Objective representation of colors

Given that the perception of colors is eminently subjective, any joint work requires the establishment of an objective reference shared by all (and therefore a certain standardization of techniques, which is not always obvious …).

This work of rationalization was not born with digital image generation; since 1913 the International Commission on Illumination (CIE) has worked on the problem.

The modern color spaces1 used in image processing are proposed solutions to this rationalization, standardization of color representation, and are based on the work and early attempts of the CIE.

It’s interesting to know that the CIE conducted its work empirically, defining an “average observer” from numerous experiments of color comparison by human observers, in order to characterize the colors and lights as perceived by an average person.

It’s in 1931 that the CIE proposed a first representation and rationalization of colors: the CIE-1931 diagram, still used a lot today as an objective reference, in particular to compare the various color spaces in use.

Decomposing colors

It’s been implied so far that a color as we perceive it is physically defined by three independent parameters: its intensity, its dominant wavelength and its Extraction purity.

This breakdown is perfectly objective (related to the physical reality of light), it’s a good foundation for making an objective representation of colors, which is what the CIE has done since 1931.

Color diagrams, 1931 CIE XYZ and CIE xyZ

With these three parameters, colors can be represented in three dimensions.

In order to establish this representation, the CIE chose three theoretical primary colors different from the more common Red, Green and Blue, called X, Y and Z, able to include the entirety of the visible colors. This representation is the CIE XYZ color space of 1931, and is still used today as reference to represent and compare all the other color spaces.

The parameters defining this color space were carefully chosen in order to represent the entirety of the colors perceived by human vision.

Note

The three-dimensional representation above is not exact, but does illustrate the general feel of the color space.

For better and easier use and visualization, it’s mainly represented in a two-dimensional projection, not showing the intensity (brightness) of the colors at all.

This projection actually is actually a translation to another color space derived from the CIE XYZ where colors are represented on a plane by coordinates named x and y (in lower case) which makes it the CIE xyZ space.

On this diagram, one can find the spectrum of visible light, on the upper turn, rounded, going from red to blue.

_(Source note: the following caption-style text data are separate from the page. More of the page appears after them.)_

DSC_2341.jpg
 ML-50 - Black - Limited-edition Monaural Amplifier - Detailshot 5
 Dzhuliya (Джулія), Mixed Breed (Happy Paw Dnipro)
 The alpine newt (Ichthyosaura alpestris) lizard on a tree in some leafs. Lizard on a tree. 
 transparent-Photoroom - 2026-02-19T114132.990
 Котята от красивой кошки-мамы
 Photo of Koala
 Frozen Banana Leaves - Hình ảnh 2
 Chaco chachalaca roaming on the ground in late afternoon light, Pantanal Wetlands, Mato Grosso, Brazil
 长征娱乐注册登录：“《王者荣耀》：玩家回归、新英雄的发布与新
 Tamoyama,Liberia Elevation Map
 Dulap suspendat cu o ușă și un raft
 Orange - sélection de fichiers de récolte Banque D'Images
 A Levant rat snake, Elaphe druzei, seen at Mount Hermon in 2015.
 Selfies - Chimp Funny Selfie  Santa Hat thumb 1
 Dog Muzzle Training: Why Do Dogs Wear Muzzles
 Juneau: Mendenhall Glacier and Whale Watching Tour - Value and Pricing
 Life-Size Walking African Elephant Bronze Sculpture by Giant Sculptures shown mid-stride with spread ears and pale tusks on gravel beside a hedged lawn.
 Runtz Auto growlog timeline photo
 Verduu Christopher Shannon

This outline contains all possible monochromatic lights, while the inside of the diagram represents “blended” colors as we perceive them.

The lower straight line represents the blending of the two extremes of the visible spectrum, which we see as the purple colors, which aren’t part of the monochromatic lights and close the “color wheel” we all know.

This diagram containing all the visible colors is used as reference in which one can register the other color spaces, necessarily “smaller” because representing only a subpart of all these colors, as we will see hereafter.

Other CIE Spaces

Since the establishment of these first color spaces and until today, the CIE has continued this work, improving the xyZ space and creating other more specific spaces for particular uses.

In 1976, two other spaces were published: the CIE L*u*v* (for light) and the CIE L*a*b* (for surface colors, better known as CIE LAB). These two spaces improve and compensate for a “defect” of the xyZ2: the coordinates are no longer linear in order to better match the human vision. Indeed, in the xyZ space, two colors located “at the same distance” can in some areas appear more similar than in other areas. The L*a*b* and L*u*v* correct this “defect” at the price of a greater complexity of calculations.

But it is always the 1931 XYZ or xyZ which is used as reference to work with and compare all the other colorimetric spaces.

Sources et références

  1. Color spaces are standardized ways of recording and representing colors (analog as well as digital).
    There are for example: sRGB, BT.709, ACES, BT.2020, P3, to name a few from a very large list. 

  2. L*a*b* and L*u*v* are actually based on another space published in 1976, the CIE U’V’W’ which is linear (and itself based on the CIE UVW of 1960). The chronology of publication of these successive spaces is as follows:
    - 1931: XYV, and its representation xyZ, linear.
    - 1960: UVW, and its representation uvW, linear.
    - 1976 : U’V’W’, linear.
    - 1976 : L*a*b* and L*u*v*, nonlinear.